Gina Escobar, an official from the accounts receivables department of the Red Cross, said that CCSS has very slow bureaucratic procedures and they are repeatedly delayed due to errors in the personal data of patients who have been transferred to medical centers, which prevents from being made quickly, but she assured that the Social Security Fund always pays the invoices.

Often the patient’s last name is misspelled and has to be figured out and matched up with how it appears on the insurance card. Just because of that detail, the bill has to be redone and that delays payment to us,” she reported.

Relief for Committees

Now with the approval of Law 9355, the auxiliary committees in the province will be able to operate with a little more peace of mind.

This year, it is projected that the Guanacaste committees will receive approximately ¢125,000,000 ($235,850), said Red Cross spokesman Gerald Jimenez.

“Ninety percent of these funds will be distributed to the auxiliary committees and regional boards to be used for their operating expenses,” Jimenez specified.

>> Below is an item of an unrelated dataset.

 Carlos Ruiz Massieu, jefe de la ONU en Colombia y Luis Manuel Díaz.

Miguel Saenz Castro, administrator of the Red Cross Committee in Liberia, hopes that these funds arrive in the province as soon as possible since, in his committee’s case, in the last three years, the deficit has exceeded ¢30 million ($56,600), due to which they were forced to make cuts in personnel.

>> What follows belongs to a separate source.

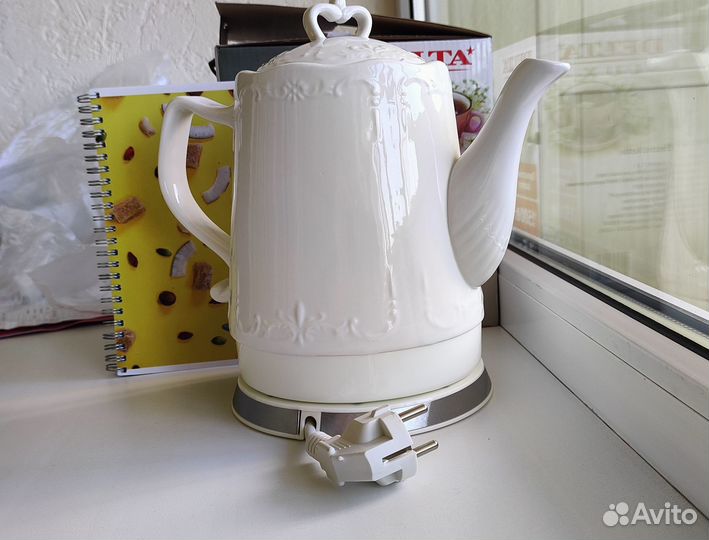 Чайник электрический delta DL-1236 белый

The case is similar for the committee in the canton of La Cruz, where they look after more than 23,000 people, including the floating population that moves through the border area. They make approximately 500 hospital transfers each month.

Edith Gonzaga Vargas, the committee’s administrator, reported that their main expense is fuel for transporting patients, and, just like in Liberia in 2013, they had to reduce their staff by two people.